Any picture in the range stays out of the copy; retype exactly the lines from the one with "Lovin - Korean" to the end of the listing.

* RECORDS TO USE
+ + + + +

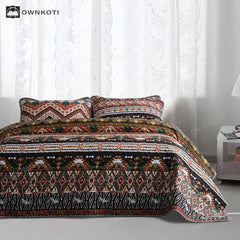 Bohemian Quilted Breathable Soft Bedding Set(3PCS)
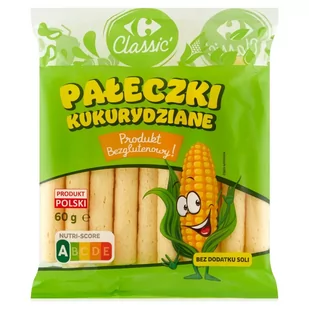 Carrefour Classic Pałeczki kukurydziane 60 g - Chipsy - miniaturka - grafika 1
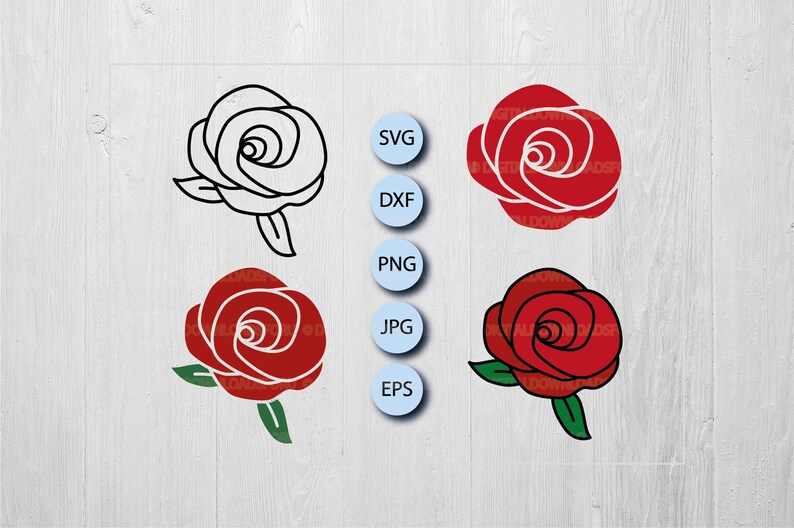 Rose SVG File Rose Decal SVG Rose Clip Art Instant Etsy UK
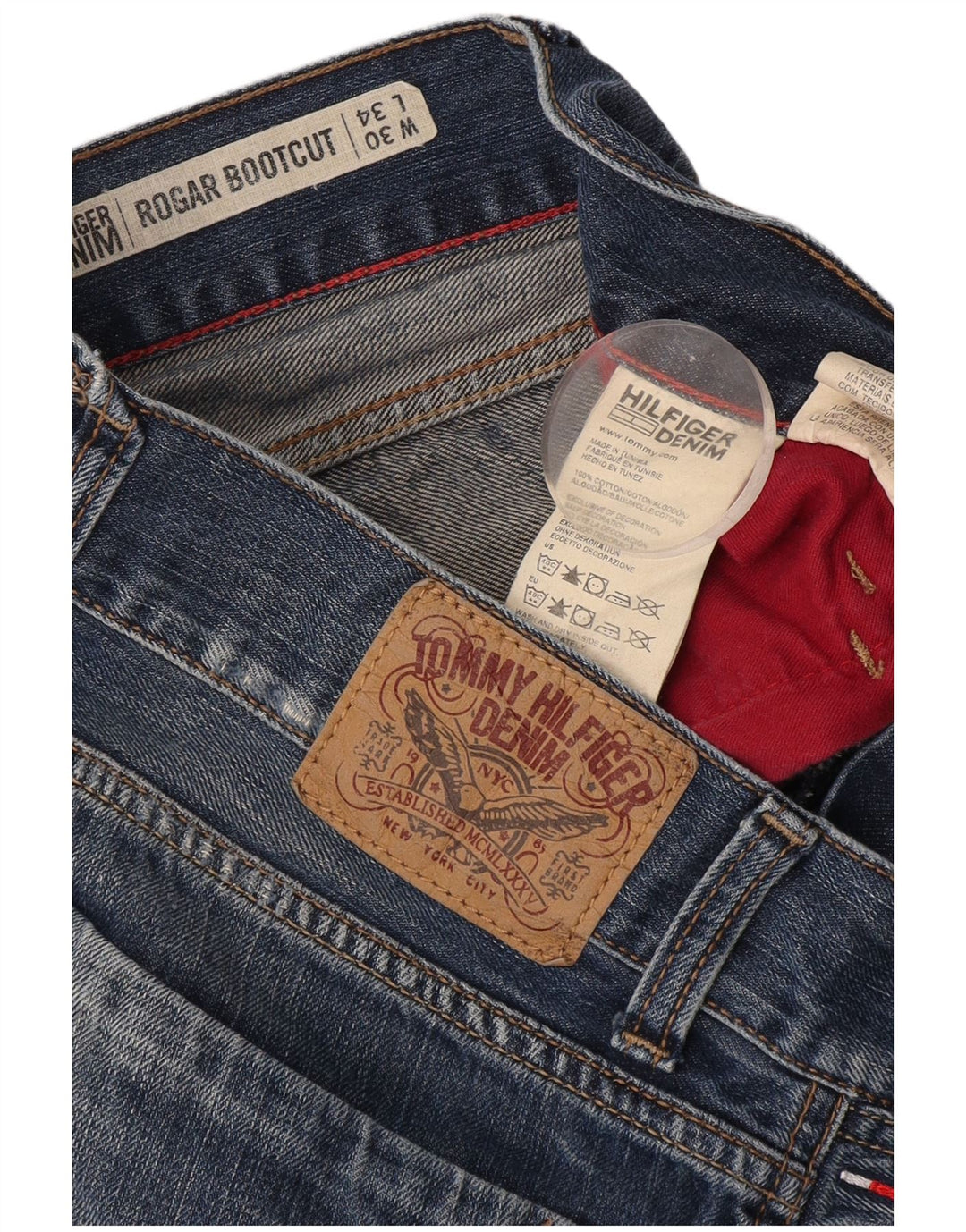 Blugi Tommy Hilfiger pentru femei Roger Bootcut W30 L34 Bumbac albastru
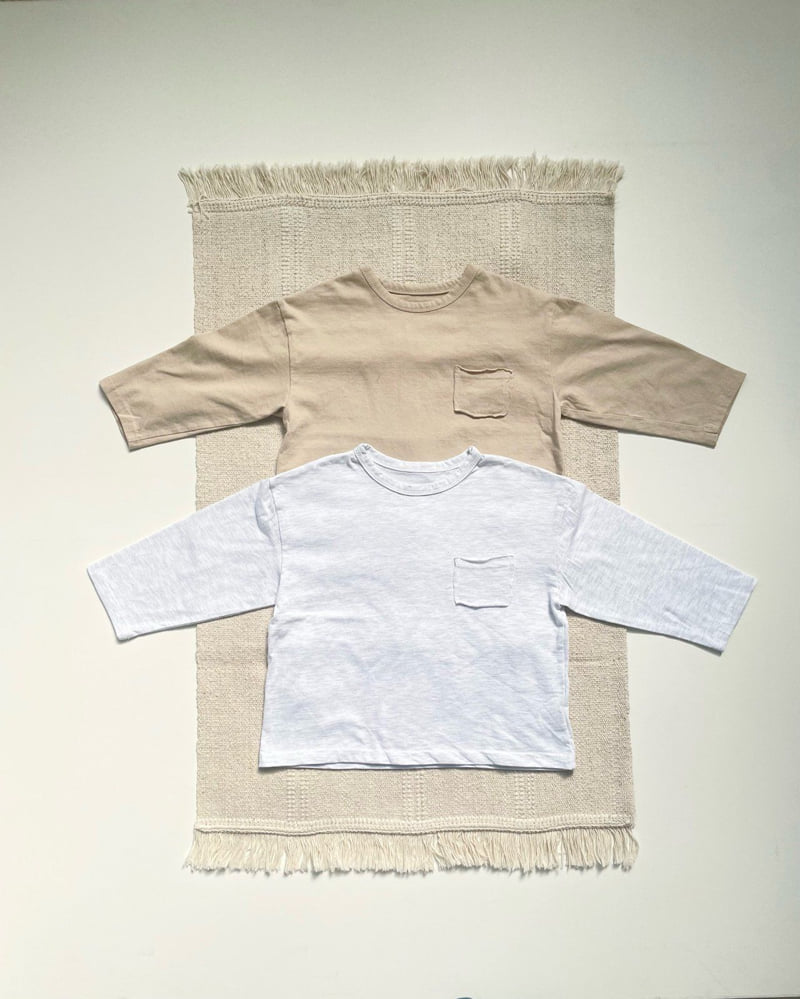 Lovin - Korean Baby Fashion - #onlinebabyboutique - Zero Pocket Tee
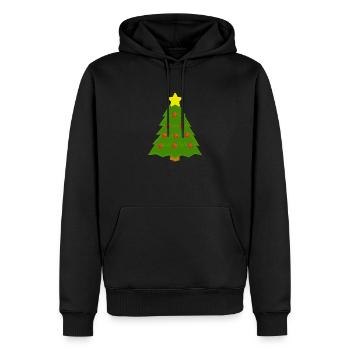 Basketball Christmas Tree Design Sports Lover - Männer Premium Bio Hoodie - Schwarz - Vorne - Nico (187cm)
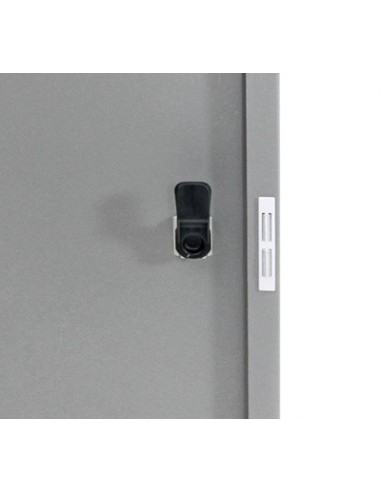 Abfalltrennung ProTec-Plus, 4-fach Abfall Insel, graualu-struktur/6024, 1003, 5010, 7016, verz. Innenbehälter, 4x70 Liter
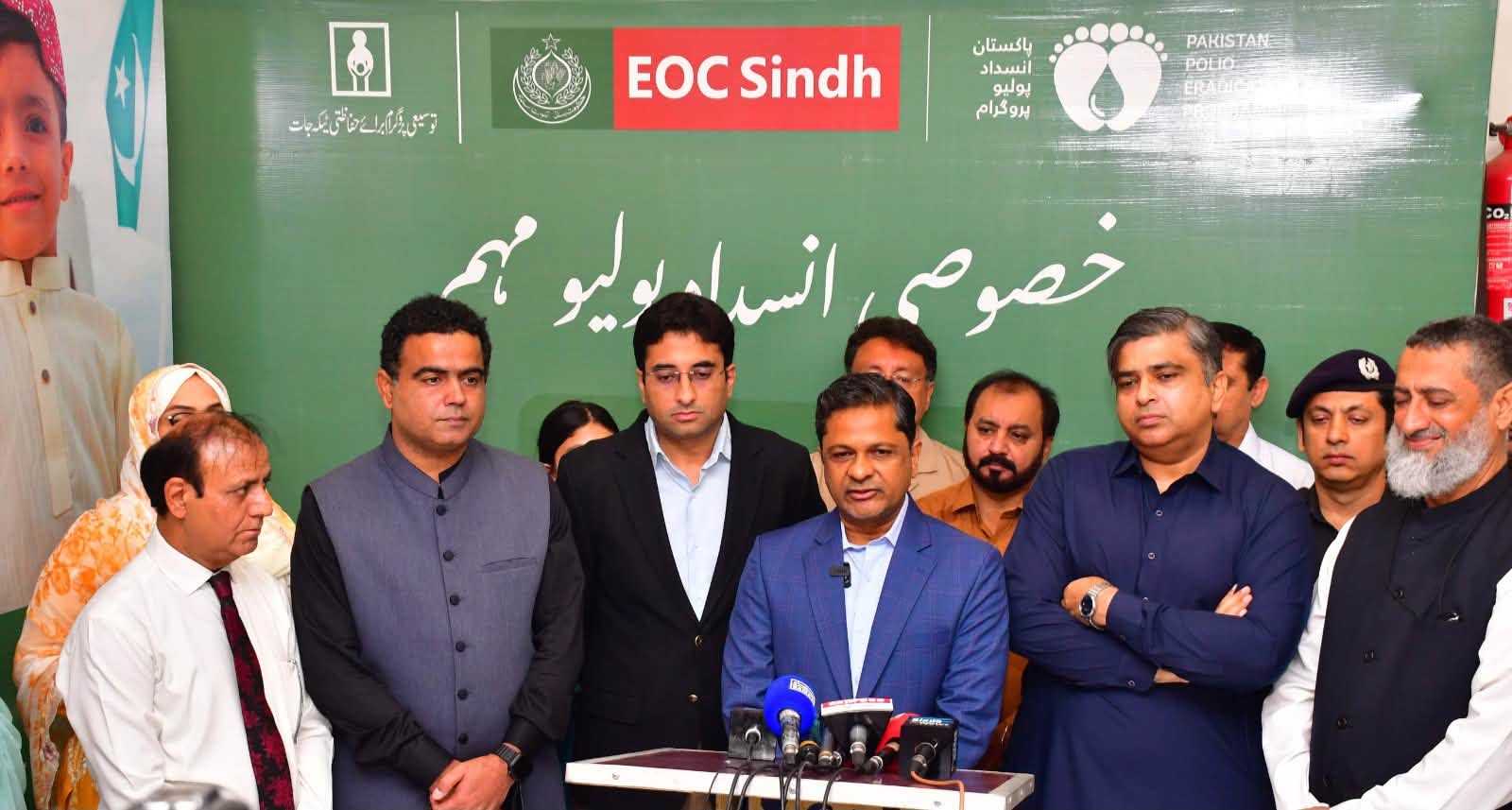 Commissioner Karachi Syed Hassan Naqvi inaugurated the Anti-Polio Campaign in Karachi Division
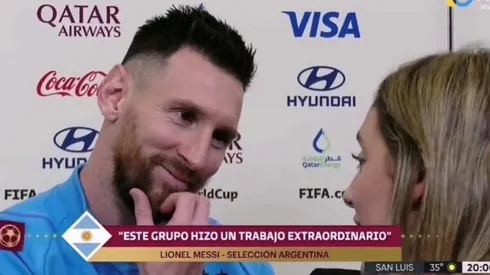 Messi recibió bellas palabras de parte de una periodista argentina.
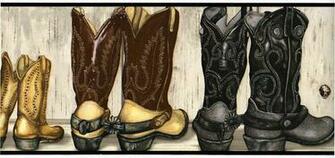 Cowboy Boots Wallpaper Border Decorating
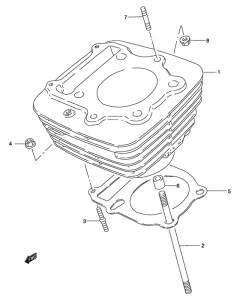GZ250 Цилиндр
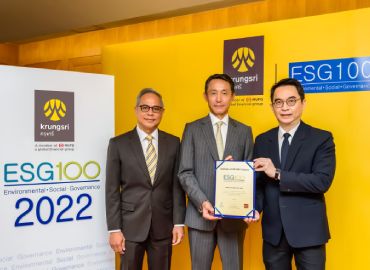 Krungsri named on ESG100 for the 7th year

+ + + + +

* EXERCISE RESPONSE
 Lovin - Korean Baby Fashion - #onlinebabyboutique - Zero Pocket Tee
 Basketball Christmas Tree Design Sports Lover - Männer Premium Bio Hoodie - Schwarz - Vorne - Nico (187cm)
 Abfalltrennung ProTec-Plus, 4-fach Abfall Insel, graualu-struktur/6024, 1003, 5010, 7016, verz. Innenbehälter, 4x70 Liter
 Commissioner Karachi Syed Hassan Naqvi inaugurated the Anti-Polio Campaign in Karachi Division
 Messi recibió bellas palabras de parte de una periodista argentina.
 Cowboy Boots Wallpaper Border Decorating
GZ250 Цилиндр
 Krungsri named on ESG100 for the 7th year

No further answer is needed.